Will Crude Oil Slide to $33?

When I look at the monthly chart of Crude Oil, it has very close similarity to what had happened from mid 2008 to early 2009 during the financial crisis. The decline in crude oil price in 2008-2009 was due to increasing world economic recessions and reduced demand. The decline was rapid, from the peak of $143 a barrel to mere $33 a barrel! After early 2009, this declining price trend was reversed due to improving world economies and increased demand, and a reduction in available crude oil supplies.

Crude Oil Monthly Chart (courtesy of investing.com)
Crude Oil Monthly Chart (courtesy of investing.com)

Now, look at 2014 and 2015. This round was decline started around June 2014 and has since then went through a decline of more than 50% from about $100 to just $45 this week. It is as severe that what happened in 2008 and the question now is whether it is going to break its near term support of $40 and then $33. Due to a combination of major Countries’ economies slowing again, stagnating World crude oil demand, increased U.S. domestic crude oil production, and OPEC’s decision to maintain current export levels, excess available World oil supply has led to the recent decline.

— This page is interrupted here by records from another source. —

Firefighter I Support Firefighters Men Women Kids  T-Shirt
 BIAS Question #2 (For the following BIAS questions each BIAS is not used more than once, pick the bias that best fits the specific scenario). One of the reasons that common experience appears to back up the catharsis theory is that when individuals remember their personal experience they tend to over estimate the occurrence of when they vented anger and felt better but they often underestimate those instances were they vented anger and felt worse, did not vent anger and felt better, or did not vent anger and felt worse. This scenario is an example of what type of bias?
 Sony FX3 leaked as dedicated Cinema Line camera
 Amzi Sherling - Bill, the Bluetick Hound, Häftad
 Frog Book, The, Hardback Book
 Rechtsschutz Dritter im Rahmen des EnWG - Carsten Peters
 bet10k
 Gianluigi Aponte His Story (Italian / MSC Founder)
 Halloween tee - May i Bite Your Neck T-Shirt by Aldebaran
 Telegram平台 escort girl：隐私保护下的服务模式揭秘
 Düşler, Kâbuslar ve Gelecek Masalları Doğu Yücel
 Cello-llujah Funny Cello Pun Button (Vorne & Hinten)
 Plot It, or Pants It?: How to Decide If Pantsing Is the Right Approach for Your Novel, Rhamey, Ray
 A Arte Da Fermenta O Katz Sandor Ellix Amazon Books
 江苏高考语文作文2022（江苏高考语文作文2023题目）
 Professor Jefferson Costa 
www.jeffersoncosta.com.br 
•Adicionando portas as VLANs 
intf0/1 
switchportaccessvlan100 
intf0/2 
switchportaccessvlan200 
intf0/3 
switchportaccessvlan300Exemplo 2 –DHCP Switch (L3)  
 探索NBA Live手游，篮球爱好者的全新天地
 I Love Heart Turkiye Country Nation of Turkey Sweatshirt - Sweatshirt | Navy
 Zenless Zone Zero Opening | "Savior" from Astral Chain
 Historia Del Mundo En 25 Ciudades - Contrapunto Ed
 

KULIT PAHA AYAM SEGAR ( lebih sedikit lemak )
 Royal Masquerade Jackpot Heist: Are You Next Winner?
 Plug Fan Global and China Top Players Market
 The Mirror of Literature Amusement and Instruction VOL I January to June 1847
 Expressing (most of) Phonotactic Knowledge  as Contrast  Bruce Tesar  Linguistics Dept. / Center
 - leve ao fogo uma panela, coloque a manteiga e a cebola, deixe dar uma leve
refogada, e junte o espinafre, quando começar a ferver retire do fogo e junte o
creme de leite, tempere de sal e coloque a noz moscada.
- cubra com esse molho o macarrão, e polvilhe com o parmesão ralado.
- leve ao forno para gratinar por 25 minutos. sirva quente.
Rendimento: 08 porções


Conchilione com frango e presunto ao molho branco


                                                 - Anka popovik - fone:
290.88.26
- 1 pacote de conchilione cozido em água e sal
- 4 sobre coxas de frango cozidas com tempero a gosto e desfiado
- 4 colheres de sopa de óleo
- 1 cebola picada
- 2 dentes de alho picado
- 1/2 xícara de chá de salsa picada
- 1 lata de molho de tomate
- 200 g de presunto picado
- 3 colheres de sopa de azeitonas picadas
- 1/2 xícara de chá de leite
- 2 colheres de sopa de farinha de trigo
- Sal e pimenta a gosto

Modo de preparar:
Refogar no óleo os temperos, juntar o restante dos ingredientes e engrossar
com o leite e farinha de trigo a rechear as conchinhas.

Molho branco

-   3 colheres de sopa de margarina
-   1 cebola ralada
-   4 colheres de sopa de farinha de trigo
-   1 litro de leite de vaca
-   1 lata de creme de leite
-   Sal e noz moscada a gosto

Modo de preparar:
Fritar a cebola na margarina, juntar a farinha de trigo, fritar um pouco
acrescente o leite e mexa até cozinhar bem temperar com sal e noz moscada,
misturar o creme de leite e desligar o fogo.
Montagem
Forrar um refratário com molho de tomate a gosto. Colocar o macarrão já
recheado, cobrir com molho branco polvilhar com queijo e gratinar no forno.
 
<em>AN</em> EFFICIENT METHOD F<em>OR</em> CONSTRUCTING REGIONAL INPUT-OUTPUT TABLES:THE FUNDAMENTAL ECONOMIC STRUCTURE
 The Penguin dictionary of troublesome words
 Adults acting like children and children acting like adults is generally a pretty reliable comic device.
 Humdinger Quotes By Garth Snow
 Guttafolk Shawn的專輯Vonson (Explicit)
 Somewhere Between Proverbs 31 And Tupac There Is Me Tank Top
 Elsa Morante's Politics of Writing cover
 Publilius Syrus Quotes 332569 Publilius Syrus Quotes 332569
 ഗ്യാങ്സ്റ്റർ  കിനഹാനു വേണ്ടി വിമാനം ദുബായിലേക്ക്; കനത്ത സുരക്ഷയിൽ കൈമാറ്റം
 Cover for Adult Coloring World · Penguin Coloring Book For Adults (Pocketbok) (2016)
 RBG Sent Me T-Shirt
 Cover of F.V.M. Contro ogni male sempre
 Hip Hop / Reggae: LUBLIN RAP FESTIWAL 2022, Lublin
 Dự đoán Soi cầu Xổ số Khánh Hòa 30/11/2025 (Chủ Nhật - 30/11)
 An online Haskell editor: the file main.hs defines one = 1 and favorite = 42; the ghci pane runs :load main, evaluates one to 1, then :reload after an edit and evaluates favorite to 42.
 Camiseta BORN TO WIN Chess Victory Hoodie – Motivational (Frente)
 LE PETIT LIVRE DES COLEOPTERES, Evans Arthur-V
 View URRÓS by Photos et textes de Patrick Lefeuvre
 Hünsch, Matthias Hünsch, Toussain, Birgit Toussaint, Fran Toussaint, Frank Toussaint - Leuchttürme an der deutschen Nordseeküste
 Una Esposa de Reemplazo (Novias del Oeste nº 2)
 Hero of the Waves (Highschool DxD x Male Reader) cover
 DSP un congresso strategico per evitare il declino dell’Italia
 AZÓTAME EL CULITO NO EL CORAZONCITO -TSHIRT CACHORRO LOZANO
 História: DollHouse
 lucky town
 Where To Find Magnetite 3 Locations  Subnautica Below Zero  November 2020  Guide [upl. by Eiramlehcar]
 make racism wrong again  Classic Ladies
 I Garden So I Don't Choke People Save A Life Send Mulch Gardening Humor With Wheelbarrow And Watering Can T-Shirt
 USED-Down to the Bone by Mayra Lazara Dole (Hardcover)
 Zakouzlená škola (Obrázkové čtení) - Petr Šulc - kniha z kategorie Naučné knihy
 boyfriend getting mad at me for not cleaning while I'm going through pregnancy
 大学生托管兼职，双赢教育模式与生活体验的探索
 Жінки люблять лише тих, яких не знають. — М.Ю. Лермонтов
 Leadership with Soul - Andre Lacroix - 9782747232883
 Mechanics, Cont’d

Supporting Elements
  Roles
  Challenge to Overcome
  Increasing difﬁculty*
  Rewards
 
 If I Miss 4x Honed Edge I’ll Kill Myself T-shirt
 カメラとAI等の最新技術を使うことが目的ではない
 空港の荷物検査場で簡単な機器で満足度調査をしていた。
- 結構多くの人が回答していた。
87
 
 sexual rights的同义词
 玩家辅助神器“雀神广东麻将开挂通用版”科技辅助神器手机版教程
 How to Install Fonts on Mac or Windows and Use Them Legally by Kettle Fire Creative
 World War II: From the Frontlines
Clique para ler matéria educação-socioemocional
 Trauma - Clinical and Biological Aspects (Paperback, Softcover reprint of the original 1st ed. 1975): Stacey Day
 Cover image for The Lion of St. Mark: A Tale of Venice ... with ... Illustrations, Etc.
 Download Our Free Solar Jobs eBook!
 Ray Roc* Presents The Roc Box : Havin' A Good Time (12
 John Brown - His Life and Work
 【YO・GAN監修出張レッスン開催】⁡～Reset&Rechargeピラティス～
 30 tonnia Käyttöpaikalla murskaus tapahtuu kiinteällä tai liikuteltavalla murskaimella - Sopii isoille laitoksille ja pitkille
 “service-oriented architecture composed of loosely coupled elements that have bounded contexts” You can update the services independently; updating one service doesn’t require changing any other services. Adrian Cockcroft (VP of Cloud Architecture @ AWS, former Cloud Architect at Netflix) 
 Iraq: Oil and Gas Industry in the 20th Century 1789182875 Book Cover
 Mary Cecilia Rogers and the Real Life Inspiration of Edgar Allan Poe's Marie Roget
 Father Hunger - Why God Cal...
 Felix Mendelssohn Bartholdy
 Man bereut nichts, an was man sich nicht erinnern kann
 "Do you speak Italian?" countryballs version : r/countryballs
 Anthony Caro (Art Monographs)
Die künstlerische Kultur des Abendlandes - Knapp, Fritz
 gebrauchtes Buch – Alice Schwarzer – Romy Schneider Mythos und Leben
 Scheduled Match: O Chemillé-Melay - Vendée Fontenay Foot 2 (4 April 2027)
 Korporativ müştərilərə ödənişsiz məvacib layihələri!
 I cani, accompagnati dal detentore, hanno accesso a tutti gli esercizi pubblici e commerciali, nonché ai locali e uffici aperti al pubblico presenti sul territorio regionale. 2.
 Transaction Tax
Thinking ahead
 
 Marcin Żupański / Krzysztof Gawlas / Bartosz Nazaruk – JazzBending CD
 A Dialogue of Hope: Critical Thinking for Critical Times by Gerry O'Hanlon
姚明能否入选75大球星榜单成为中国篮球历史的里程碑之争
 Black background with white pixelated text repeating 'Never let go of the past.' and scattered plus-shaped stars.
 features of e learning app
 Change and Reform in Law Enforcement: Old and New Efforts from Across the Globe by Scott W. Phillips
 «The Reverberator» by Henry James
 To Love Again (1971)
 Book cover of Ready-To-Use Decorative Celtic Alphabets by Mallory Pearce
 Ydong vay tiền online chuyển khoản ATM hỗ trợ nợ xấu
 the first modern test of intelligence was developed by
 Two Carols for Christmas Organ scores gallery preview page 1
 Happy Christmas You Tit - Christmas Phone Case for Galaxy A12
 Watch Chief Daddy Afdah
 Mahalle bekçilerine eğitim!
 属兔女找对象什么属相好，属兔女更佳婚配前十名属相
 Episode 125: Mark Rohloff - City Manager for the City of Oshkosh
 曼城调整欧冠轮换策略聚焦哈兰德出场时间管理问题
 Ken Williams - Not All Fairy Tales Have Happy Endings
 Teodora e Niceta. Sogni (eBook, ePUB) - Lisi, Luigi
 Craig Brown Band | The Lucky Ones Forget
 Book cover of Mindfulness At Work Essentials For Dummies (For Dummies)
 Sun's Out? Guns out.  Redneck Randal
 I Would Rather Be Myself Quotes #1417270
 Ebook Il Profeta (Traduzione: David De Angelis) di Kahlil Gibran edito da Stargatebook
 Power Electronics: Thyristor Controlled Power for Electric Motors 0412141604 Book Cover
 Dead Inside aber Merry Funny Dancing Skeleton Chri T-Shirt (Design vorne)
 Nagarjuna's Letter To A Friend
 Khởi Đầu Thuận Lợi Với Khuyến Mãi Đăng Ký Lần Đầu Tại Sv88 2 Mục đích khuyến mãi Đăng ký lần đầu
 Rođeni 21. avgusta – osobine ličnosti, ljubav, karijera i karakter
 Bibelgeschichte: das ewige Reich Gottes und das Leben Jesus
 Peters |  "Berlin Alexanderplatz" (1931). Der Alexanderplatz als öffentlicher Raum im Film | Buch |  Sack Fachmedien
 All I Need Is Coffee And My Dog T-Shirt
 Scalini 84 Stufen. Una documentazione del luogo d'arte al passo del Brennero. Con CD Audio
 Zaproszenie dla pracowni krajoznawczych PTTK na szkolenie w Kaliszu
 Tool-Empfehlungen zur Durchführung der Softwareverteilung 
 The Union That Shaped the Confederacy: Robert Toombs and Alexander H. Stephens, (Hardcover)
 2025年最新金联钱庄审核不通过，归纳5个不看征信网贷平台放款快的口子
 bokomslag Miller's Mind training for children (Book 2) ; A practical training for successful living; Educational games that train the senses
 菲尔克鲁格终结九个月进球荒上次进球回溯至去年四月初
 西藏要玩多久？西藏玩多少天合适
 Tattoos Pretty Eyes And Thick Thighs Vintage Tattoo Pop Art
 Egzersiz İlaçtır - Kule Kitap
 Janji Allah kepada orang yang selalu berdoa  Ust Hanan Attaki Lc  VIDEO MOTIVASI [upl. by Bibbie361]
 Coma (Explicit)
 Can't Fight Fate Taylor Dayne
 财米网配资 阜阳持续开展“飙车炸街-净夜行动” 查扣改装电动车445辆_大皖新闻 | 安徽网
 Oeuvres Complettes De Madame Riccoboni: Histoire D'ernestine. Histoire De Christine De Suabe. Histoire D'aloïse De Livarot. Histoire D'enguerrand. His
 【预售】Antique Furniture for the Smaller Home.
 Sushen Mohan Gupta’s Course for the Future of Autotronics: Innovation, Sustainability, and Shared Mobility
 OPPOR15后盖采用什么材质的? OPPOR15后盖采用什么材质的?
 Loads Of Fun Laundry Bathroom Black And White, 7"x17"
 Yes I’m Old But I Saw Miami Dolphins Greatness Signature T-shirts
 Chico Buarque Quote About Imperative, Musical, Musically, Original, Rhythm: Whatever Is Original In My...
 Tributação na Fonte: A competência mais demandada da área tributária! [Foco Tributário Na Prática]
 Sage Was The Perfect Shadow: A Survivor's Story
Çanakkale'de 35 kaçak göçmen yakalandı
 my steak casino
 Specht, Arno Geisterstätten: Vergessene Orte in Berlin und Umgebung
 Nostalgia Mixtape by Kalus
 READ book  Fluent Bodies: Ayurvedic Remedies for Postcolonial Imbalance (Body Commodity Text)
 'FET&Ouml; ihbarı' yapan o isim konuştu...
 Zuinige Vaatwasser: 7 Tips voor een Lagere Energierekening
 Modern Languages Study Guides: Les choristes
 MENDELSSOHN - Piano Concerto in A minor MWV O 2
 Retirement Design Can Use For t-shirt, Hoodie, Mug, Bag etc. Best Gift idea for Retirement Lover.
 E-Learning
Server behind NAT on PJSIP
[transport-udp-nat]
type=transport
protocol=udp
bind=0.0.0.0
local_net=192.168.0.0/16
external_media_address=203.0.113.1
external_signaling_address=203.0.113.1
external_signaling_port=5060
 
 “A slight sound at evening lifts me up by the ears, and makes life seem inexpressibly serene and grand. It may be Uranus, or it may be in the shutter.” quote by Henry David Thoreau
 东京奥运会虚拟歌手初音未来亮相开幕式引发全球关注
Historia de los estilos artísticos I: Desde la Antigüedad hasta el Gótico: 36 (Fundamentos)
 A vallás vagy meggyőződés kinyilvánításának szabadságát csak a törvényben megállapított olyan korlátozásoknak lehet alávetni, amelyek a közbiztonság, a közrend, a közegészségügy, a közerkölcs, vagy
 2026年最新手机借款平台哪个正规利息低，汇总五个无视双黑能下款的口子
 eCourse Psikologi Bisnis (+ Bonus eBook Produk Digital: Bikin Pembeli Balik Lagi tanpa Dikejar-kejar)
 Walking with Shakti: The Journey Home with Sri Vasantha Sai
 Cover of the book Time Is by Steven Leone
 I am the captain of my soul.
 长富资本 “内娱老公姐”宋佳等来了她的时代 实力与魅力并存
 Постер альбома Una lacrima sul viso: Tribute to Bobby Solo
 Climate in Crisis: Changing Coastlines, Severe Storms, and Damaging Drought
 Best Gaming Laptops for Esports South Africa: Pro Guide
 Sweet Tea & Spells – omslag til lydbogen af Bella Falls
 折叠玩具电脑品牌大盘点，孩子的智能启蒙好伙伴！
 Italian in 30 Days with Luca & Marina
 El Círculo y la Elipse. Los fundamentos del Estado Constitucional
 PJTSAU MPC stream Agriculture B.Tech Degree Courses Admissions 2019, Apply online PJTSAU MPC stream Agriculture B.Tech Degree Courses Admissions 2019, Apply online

So far, the price seems to be supported at $44 but if no effort taken to address this by OPEC (which seems to be the case now),  it is likely to record another decline by end of Jan and trend might continue well over to February. Will history repeat itself? I see the likelihood. This means that oil price will not continue to slide beyond $33, but would rather find its support there about and boost its way to recovery. The pre-requisite: since there is no supply cut, the price increase has to be supported by improved demand. The demand has to continue to be fueled by improved economic growth in US, China, Japan, or even India.